In Clement Greenberg’s piece, written in 1960, and which is entitled ‘Modernist Painting’, he referred to Modernism art as that which includes both art and literature, using characteristic methods of a certain discipline that would criticize the discipline itself. Self-criticism in the area of Modernism was said to have come from the issue of the Enlightenment; yet while the Enlightenment gets criticized from the outside, Modernism, on the other hand, gets criticized from the inside.
As Greenberg (1960) stated, “Each art, it turned out, had to perform this demonstration on its own account. What had to be exhibited was not only that which was unique and irreducible in art in general, but also that which was unique and irreducible in each particular art.
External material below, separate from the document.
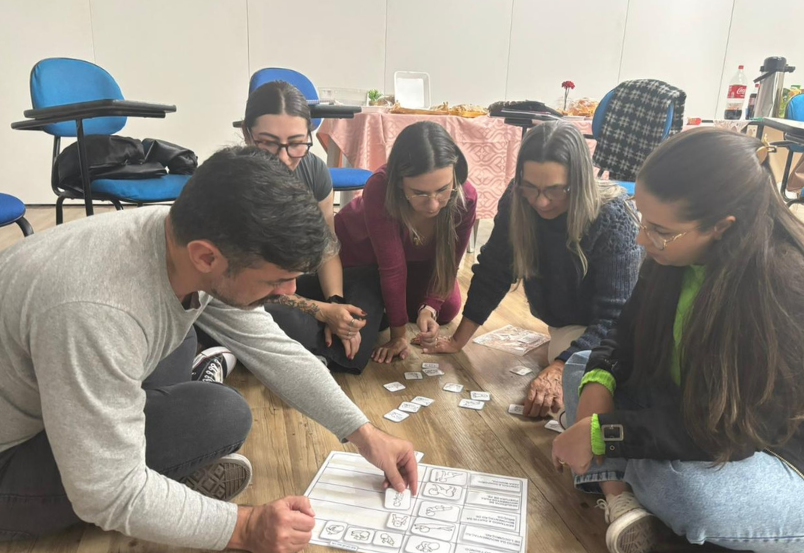 Módulo VIII: Aportes teóricos que fundamentam um currículo na educação infantil: possibilidades e dificuldades de viver a abordagem Pikleriana nos documentos curriculares vigentes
Each art had to determine, through its own operations and works, the effects exclusive to itself. By doing so it would… narrow its area of competence, but at the same time it would make its possession of that area all the more certain.
” (Greenberg 1960, 1) From here it can be concluded that, Greenberg (1960) believed that an art’s competency depended upon its uniqueness and irreducibleness, where purity appeared to be the essential component in defining art works as being of standard quality or not; and with flatness as the basic ingredient that should define Modernist painting and essentiality. Yet what is most compelling here is that the flatness pushes its own limits and, in a certain process, turns itself into an arbitrary object.
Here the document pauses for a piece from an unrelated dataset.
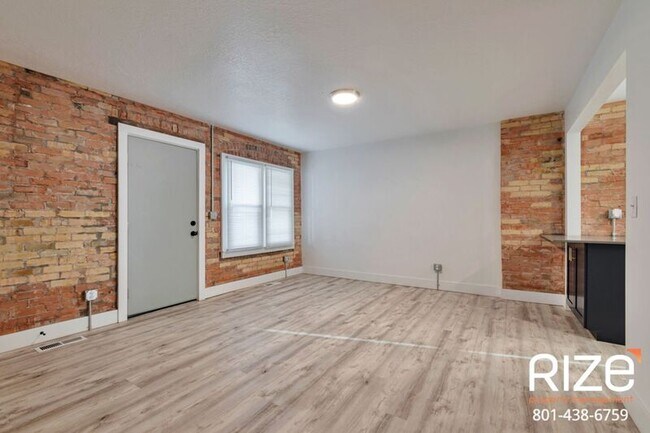 Building Photo - 675 Green St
This was what Greenberg (1960) meant when he concluded that Modernism uses characteristic methods wherein the discipline criticizes its own discipline. Harold Rosenberg (1952) also referred to this when he spoke of what he called the ‘action painting’ in his article entitled ‘The American Action Painters’. In Rosenberg’s article, he emphasized that the art of painting referred to a process wherein the artist gets into the canvas, making flatness turn into an object… instead of mere space.
Emphasizing that painting is never aesthetic but an ‘event’, Rosenberg (1952) referred to the process of art as putting the image right into the middle of ‘space’—with no flatness—in an action that extinguishes the object. However, not like Greenberg’s proclamation that art’s competency lies on the essential element of purity, Rosenberg (1952) conversely stated that purity and aesthetic are not the words that define the new American painting. It is, rather, the revelation of putting the ‘image’ into space and turning this image into an object of tension.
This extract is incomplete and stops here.